Business history is full of great stories of pioneers who launched a new product that revolutionized the world. Not so famous are stories of great failures. And even less famous are the stories of dull products; those that, without being a major failure, went through the market without shame or glory.
With this post, we start a series dedicated to those who bear this burden in a company: product managers. With this purpose in mind, we will gather inspiring stories that will teach us what has characterized successful and failed launchings. These are human stories that go beyond the world of marketing.

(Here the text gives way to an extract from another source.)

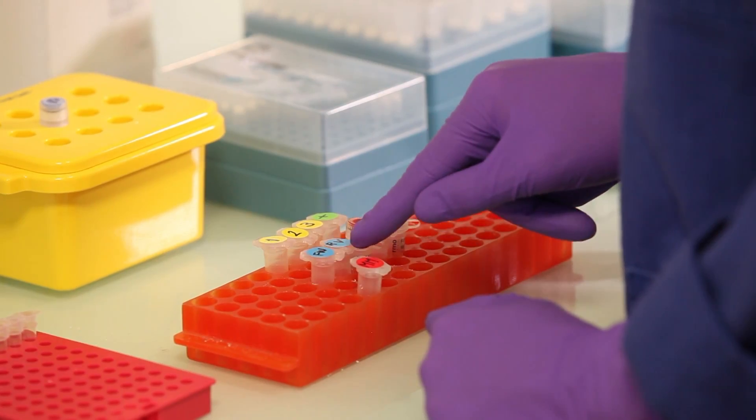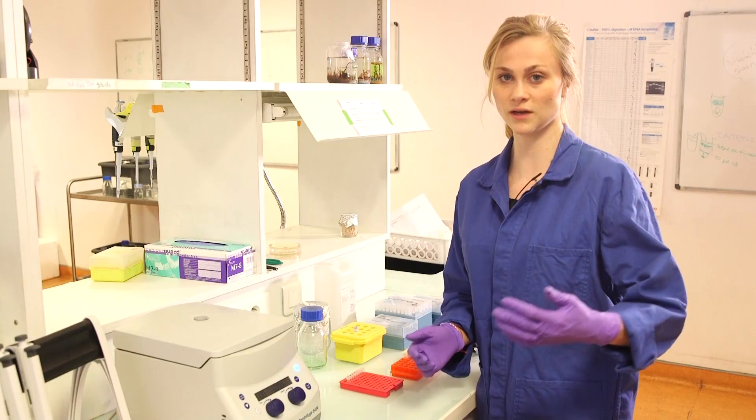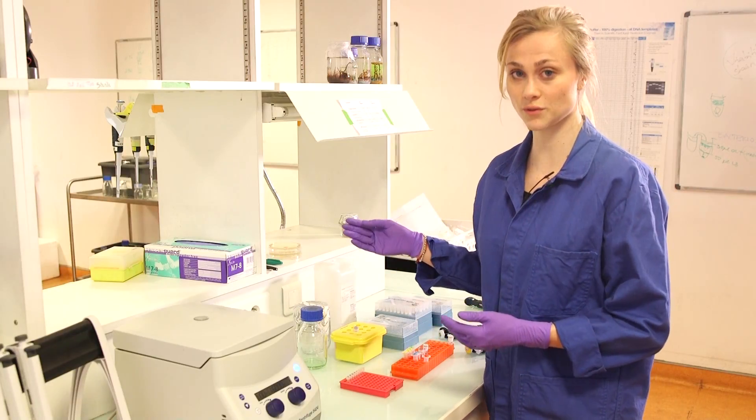We have our forward primer and our reverse primer. The forward primer will anneal to a part in the DNA just before the gene, and the reverse primer will anneal to a part downstream of the gene. And of course we need an enzyme to polymerize our DNA fragments.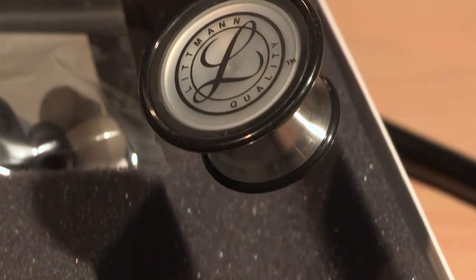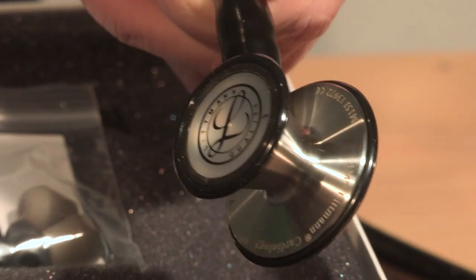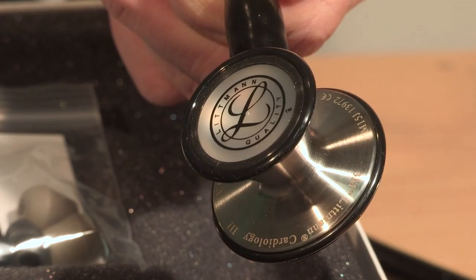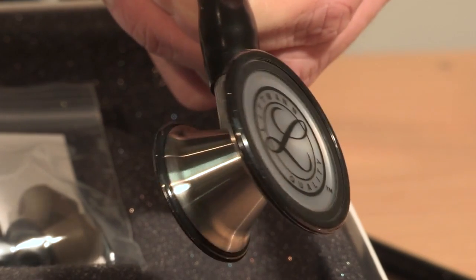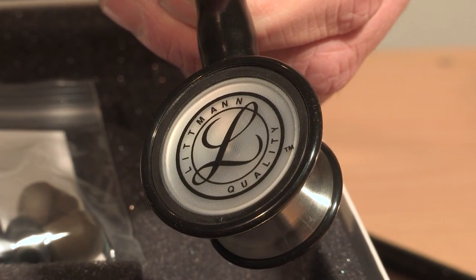The large side of the chest piece is suitable for auscultating adult patients, whilst the small side is best suited to pediatric or low BMI patients. The stethoscope features non-chill rims on both bell and diaphragm.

I thought it would be a really good idea to start with the story of a remarkable, now forgotten, product. One of those that revolutionized society and that was launched under the most difficult conditions: the story of Olivetti’s Programma 101.
Computers from the 60s
Ok. Picture this. It is the 60s. The first computers had appeared during WWII to calculate ballistics and crack encrypted messages. That idea had created an industry during the 50s60s, controlled by North American companies. It was the industry of the big computers that took up entire rooms with closets full of components. IBM was the reference in the sector.
Computers were really far away from ordinary consumers. They even instilled a little bit of fear. SciFi stories from back then were about powerful computers with the ability to one-day control our lives (maybe they were not that far off, actually.)